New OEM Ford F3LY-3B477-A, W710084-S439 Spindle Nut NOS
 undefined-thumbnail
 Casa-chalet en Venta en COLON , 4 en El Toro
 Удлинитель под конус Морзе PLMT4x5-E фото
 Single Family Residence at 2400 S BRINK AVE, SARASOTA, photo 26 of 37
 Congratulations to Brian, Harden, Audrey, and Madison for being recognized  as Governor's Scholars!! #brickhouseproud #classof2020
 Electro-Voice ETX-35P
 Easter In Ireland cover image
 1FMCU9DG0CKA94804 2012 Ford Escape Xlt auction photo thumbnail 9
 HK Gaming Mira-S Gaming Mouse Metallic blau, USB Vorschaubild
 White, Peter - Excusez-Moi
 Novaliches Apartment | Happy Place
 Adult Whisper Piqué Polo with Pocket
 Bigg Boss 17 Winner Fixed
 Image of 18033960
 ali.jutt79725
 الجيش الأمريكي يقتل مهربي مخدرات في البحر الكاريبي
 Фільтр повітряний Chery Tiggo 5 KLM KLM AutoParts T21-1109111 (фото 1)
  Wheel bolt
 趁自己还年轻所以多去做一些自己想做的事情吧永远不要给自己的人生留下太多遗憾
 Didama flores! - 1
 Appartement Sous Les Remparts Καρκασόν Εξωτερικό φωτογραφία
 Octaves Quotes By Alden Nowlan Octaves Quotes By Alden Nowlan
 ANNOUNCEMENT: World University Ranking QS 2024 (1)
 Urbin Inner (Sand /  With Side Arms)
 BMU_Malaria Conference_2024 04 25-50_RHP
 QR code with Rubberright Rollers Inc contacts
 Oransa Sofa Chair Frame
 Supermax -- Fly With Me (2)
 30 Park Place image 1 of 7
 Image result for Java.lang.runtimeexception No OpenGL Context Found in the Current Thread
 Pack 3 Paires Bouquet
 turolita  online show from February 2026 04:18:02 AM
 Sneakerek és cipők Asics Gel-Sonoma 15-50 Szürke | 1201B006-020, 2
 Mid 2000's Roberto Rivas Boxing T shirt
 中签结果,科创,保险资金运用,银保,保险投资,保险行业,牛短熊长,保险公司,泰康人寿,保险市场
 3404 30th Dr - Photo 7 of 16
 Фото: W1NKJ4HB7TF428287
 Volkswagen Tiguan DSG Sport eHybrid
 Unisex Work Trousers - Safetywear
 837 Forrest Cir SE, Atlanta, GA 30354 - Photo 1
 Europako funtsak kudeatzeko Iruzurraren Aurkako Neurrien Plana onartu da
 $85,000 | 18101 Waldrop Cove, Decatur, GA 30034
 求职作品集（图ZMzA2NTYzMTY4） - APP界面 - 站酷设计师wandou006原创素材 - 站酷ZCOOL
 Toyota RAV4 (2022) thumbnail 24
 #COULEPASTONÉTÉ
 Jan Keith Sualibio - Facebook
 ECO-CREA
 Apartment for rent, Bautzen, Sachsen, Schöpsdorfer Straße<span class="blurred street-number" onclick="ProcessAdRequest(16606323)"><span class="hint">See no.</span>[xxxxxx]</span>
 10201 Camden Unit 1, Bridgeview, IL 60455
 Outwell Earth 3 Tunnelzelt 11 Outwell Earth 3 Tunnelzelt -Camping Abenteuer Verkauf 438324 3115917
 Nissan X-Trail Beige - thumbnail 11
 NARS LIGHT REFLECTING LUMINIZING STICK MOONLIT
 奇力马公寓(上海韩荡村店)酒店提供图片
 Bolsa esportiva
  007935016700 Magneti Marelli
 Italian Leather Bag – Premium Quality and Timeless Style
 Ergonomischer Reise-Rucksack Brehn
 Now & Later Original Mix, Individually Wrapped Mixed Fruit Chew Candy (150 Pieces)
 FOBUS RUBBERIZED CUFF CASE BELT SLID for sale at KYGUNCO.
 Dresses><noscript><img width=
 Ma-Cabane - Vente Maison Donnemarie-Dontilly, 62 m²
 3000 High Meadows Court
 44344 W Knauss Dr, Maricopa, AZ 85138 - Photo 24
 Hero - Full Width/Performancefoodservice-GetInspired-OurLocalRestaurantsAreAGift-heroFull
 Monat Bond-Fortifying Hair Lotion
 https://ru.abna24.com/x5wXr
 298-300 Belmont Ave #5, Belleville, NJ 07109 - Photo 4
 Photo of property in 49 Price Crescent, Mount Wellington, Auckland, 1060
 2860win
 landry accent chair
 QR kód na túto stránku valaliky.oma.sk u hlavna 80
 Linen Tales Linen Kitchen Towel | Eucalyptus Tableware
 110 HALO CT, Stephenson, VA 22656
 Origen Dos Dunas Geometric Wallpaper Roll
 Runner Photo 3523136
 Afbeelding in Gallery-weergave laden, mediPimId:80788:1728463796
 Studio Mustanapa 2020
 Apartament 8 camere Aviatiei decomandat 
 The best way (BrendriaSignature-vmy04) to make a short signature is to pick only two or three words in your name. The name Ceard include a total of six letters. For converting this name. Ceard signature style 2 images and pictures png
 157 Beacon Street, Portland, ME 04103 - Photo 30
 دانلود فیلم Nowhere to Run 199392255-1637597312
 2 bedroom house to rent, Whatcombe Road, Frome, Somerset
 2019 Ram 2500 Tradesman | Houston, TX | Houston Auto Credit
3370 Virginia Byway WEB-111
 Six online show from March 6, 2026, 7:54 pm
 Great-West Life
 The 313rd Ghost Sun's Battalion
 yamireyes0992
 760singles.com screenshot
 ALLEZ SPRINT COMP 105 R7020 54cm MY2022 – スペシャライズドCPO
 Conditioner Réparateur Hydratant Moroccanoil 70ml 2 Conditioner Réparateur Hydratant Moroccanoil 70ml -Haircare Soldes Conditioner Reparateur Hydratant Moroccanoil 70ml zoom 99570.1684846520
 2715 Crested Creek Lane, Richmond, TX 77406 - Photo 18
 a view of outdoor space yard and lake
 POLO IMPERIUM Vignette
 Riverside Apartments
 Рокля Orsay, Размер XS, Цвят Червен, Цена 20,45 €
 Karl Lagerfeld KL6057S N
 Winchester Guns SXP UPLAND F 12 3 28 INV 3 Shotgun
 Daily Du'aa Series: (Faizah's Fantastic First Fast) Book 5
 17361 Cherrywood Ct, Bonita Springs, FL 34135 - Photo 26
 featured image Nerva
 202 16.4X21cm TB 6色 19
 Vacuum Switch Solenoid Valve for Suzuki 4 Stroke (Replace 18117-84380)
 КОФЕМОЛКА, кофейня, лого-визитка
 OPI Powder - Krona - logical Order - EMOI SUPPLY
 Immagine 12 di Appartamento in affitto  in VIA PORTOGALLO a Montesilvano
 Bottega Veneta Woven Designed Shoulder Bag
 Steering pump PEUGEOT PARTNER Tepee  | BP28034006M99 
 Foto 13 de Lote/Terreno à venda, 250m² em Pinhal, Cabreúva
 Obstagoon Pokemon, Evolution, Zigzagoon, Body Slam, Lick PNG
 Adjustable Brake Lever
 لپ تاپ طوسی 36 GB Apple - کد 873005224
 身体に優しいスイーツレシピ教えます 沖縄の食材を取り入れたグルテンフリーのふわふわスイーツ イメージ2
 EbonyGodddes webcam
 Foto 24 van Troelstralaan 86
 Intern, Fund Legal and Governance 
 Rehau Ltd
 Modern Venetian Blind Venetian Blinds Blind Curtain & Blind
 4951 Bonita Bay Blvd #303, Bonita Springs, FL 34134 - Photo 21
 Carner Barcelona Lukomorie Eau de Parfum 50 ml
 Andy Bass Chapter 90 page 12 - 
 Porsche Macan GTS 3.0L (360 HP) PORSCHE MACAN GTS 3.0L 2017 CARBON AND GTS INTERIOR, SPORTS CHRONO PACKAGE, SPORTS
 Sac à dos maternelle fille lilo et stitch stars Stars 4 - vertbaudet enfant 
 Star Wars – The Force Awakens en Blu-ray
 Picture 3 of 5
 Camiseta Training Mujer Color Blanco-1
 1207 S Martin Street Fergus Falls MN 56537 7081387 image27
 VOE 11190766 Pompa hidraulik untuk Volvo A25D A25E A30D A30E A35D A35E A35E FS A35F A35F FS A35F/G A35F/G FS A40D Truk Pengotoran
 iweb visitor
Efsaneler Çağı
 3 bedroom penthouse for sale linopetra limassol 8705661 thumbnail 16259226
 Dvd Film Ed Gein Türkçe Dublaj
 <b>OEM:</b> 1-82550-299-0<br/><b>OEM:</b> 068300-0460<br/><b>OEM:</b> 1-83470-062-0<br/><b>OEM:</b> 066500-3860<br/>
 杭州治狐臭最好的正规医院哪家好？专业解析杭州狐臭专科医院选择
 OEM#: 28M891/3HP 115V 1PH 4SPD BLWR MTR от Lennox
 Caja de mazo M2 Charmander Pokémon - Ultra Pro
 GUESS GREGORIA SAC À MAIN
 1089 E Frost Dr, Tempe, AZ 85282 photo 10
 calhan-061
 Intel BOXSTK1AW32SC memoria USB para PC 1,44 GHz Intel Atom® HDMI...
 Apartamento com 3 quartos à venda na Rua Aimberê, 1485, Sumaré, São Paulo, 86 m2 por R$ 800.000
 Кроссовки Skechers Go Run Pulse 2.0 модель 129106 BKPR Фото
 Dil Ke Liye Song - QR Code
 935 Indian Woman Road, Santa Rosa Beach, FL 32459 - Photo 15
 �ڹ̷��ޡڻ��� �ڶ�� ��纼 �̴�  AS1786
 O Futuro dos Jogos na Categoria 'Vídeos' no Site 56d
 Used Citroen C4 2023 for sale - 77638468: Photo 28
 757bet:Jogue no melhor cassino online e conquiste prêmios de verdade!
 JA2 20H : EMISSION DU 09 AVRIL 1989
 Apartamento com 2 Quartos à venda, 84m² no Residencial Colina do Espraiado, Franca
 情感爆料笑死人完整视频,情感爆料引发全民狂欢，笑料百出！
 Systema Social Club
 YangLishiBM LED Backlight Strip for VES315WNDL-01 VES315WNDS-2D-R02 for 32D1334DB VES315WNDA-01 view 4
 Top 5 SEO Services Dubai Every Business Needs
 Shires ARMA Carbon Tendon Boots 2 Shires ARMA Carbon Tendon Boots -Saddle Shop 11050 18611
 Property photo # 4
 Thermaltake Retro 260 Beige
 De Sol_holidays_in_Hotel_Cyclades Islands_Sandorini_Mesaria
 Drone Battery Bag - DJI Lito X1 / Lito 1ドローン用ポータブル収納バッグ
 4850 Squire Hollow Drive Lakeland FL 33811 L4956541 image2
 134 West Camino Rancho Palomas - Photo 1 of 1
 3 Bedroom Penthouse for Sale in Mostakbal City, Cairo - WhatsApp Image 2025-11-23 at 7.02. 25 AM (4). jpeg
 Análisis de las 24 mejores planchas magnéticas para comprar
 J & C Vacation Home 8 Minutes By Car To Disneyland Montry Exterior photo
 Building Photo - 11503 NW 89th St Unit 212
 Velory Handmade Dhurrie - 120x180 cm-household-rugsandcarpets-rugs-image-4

[Exercise goal] Produce only the lines from the line containing "Adjustable Brake Lever" through the line containing "Caja de mazo", inclusive of both, exactly as they stand in the entries above.

[Completed task]
 Adjustable Brake Lever
 لپ تاپ طوسی 36 GB Apple - کد 873005224
 身体に優しいスイーツレシピ教えます 沖縄の食材を取り入れたグルテンフリーのふわふわスイーツ イメージ2
 EbonyGodddes webcam
 Foto 24 van Troelstralaan 86
 Intern, Fund Legal and Governance 
 Rehau Ltd
 Modern Venetian Blind Venetian Blinds Blind Curtain & Blind
 4951 Bonita Bay Blvd #303, Bonita Springs, FL 34134 - Photo 21
 Carner Barcelona Lukomorie Eau de Parfum 50 ml
 Andy Bass Chapter 90 page 12 - 
 Porsche Macan GTS 3.0L (360 HP) PORSCHE MACAN GTS 3.0L 2017 CARBON AND GTS INTERIOR, SPORTS CHRONO PACKAGE, SPORTS
 Sac à dos maternelle fille lilo et stitch stars Stars 4 - vertbaudet enfant 
 Star Wars – The Force Awakens en Blu-ray
 Picture 3 of 5
 Camiseta Training Mujer Color Blanco-1
 1207 S Martin Street Fergus Falls MN 56537 7081387 image27
 VOE 11190766 Pompa hidraulik untuk Volvo A25D A25E A30D A30E A35D A35E A35E FS A35F A35F FS A35F/G A35F/G FS A40D Truk Pengotoran
 iweb visitor
Efsaneler Çağı
 3 bedroom penthouse for sale linopetra limassol 8705661 thumbnail 16259226
 Dvd Film Ed Gein Türkçe Dublaj
 <b>OEM:</b> 1-82550-299-0<br/><b>OEM:</b> 068300-0460<br/><b>OEM:</b> 1-83470-062-0<br/><b>OEM:</b> 066500-3860<br/>
 杭州治狐臭最好的正规医院哪家好？专业解析杭州狐臭专科医院选择
 OEM#: 28M891/3HP 115V 1PH 4SPD BLWR MTR от Lennox
 Caja de mazo M2 Charmander Pokémon - Ultra Pro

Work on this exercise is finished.